Even a small amount of Bitcoin can make a difference to investment portfolios and even state pension fund managers are starting to take notice.
Jimmy Patronis, the chief financial officer of the State of Florida in the United States, asked the agency that manages the state’s retirement funds to consider investing in Bitcoin, as it has had a “material impact” on traditional investment portfolios’ returns, while also helping reduce their overall volatility.
Patronis, in a letter to the Florida State Board of Administration’s executive director, Chris Spencer, noted that Bitcoin (BTC) is often labeled “digital gold” and “could help diversify the state’s portfolio” while providing a “secure hedge against the volatility of other major asset classes.”

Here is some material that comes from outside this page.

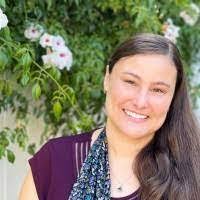 Carolyn Gass's Instagram, Twitter & Facebook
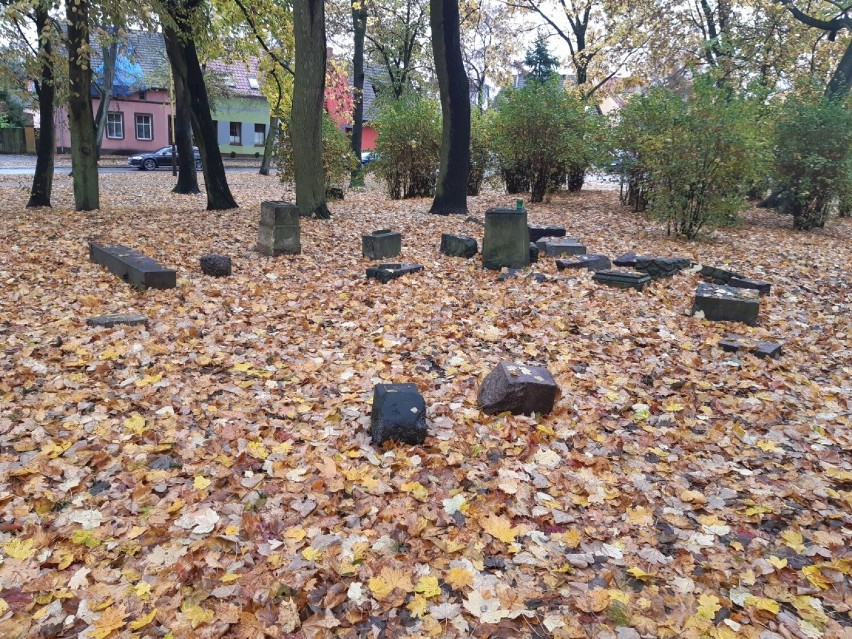 Lapidarium w parku przy ul. Wojska Polskiego w Goleniowie...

The state’s chief financial officer may be right, as Bitcoin has indeed been shown to be a potentially good portfolio diversifier, especially when applied to traditional portfolios allocating 60% of assets to stocks and 40% to bonds, known as the 60/40 portfolio.

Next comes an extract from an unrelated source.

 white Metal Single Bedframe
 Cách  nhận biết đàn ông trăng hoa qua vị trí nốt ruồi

Brian Rudick, head of research at market maker GSR, told Cointelegraph that according to a study the firm conducted, a modest 1% Bitcoin allocation “has historically had a material positive impact on a standard 60/40 portfolio’s Sharpe ratio.”
The Sharpe ratio is a metric used to analyze the risk-adjusted return of an investment, first developed by economist William F. Sharpe in 1966. Per Rudic, the more Bitcoin is added to the model portfolio beyond 1%, the better the Sharpe ratio of that portfolio, which indicates “that a fund is generating a sufficient amount of returns relative to the increase in risk.”
“Portfolios with a 1% allocation tended to generate an excess return of about 1% annually with much smaller increases in portfolio volatility and maximum drawdown.”
Steve Lubka, managing director of Swan Private Client Services at Bitcoin financial services firm Swan, seemingly echoed Rubick’s thoughts, telling Cointelegraph that a “small Bitcoin allocation could generally boost returns for the State of Florida by 2-3% in their pension.”